─── INFORMATION
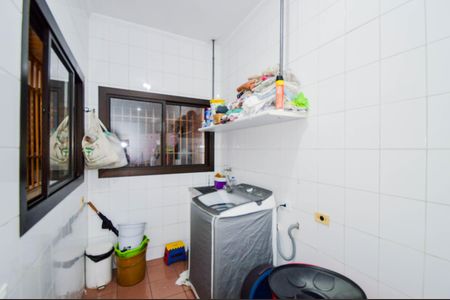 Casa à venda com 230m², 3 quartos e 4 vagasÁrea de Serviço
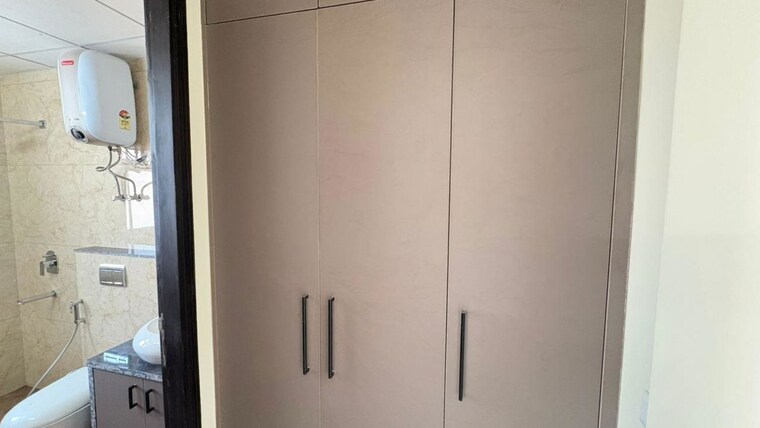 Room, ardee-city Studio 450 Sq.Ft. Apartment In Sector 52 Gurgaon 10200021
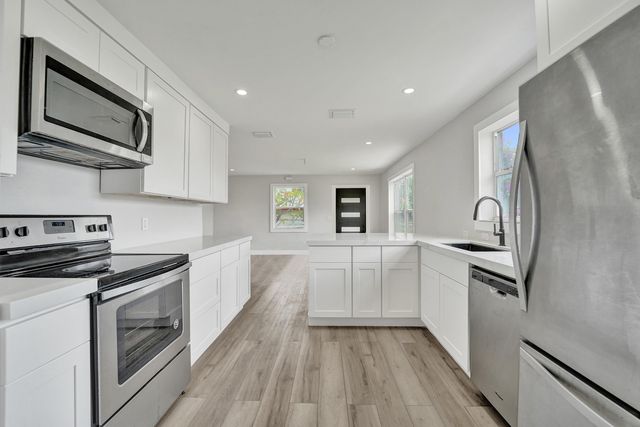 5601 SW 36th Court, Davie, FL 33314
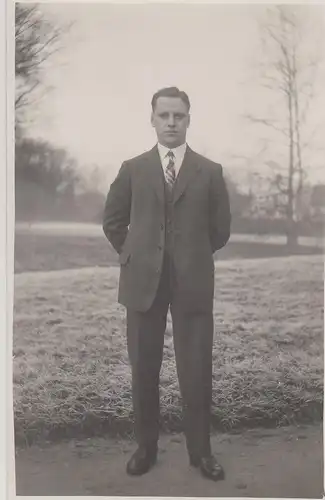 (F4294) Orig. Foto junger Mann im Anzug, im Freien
──────
─── INFORMATION
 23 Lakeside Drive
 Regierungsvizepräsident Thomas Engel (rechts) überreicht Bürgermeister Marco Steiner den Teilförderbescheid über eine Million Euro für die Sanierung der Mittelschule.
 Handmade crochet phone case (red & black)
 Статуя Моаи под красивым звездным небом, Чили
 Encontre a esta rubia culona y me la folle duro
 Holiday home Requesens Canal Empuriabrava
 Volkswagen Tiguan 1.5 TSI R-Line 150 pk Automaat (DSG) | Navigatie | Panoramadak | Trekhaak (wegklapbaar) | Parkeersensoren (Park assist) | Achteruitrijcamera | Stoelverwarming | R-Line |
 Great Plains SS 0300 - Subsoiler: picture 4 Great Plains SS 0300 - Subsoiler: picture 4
──────
─── INFORMATION
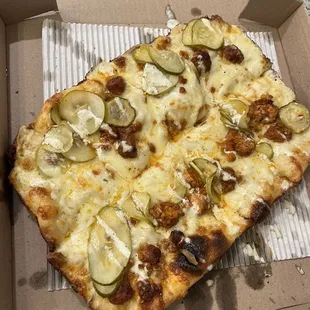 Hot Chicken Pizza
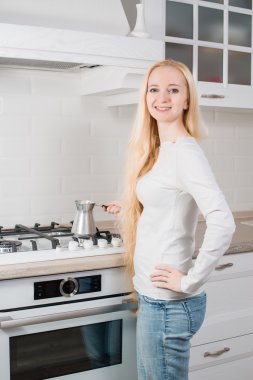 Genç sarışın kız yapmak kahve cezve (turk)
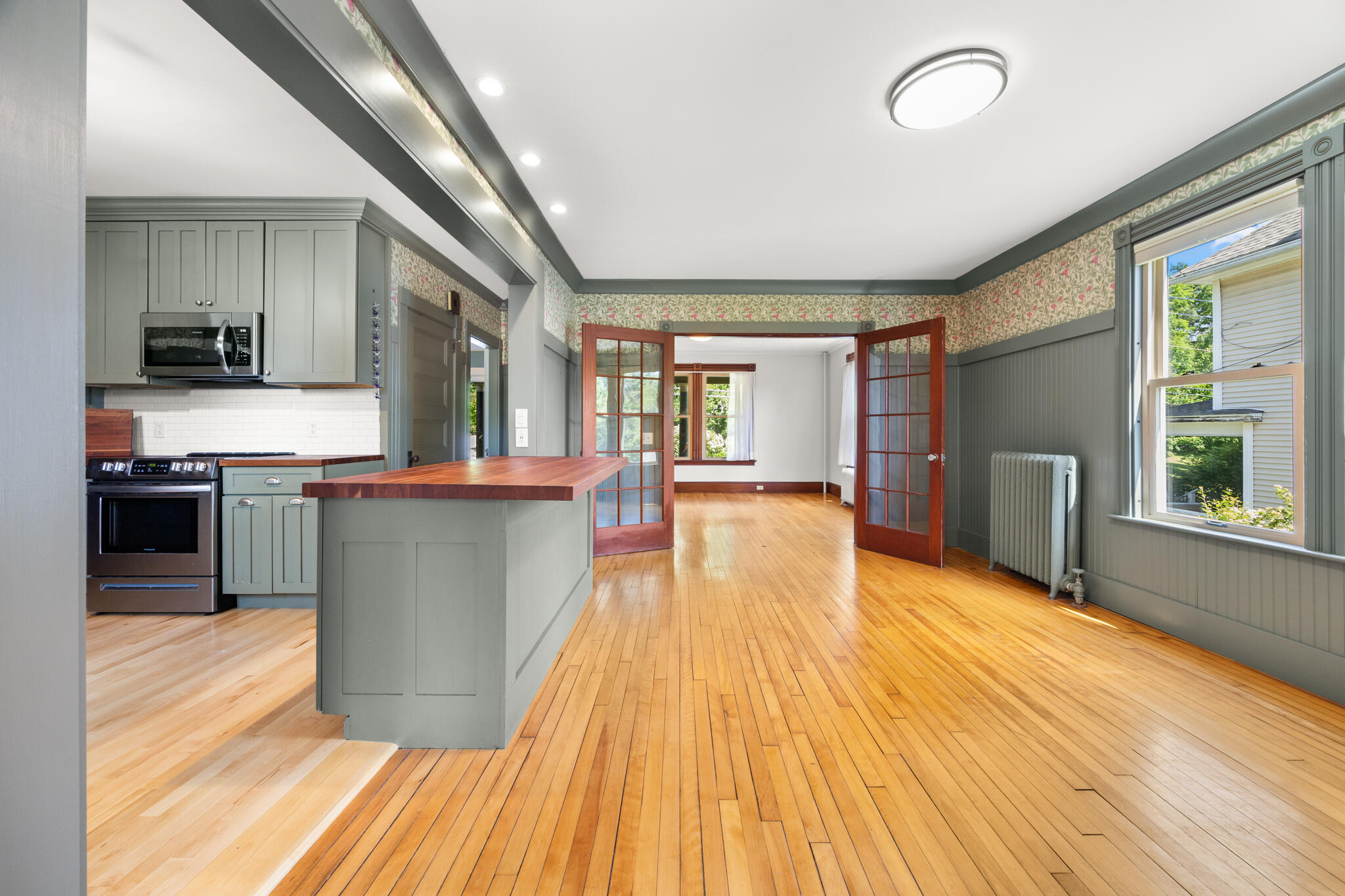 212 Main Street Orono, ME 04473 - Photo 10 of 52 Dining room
──────
» EXERCISE: Give back exactly the lines of the listing above that run from the line with "Volkswagen Tiguan 1.5" to the line with "Great Plains SS 0300 - Subsoiler: picture 4 Great", inclusive.

» TASK OUTPUT:
 Volkswagen Tiguan 1.5 TSI R-Line 150 pk Automaat (DSG) | Navigatie | Panoramadak | Trekhaak (wegklapbaar) | Parkeersensoren (Park assist) | Achteruitrijcamera | Stoelverwarming | R-Line |
 Great Plains SS 0300 - Subsoiler: picture 4 Great Plains SS 0300 - Subsoiler: picture 4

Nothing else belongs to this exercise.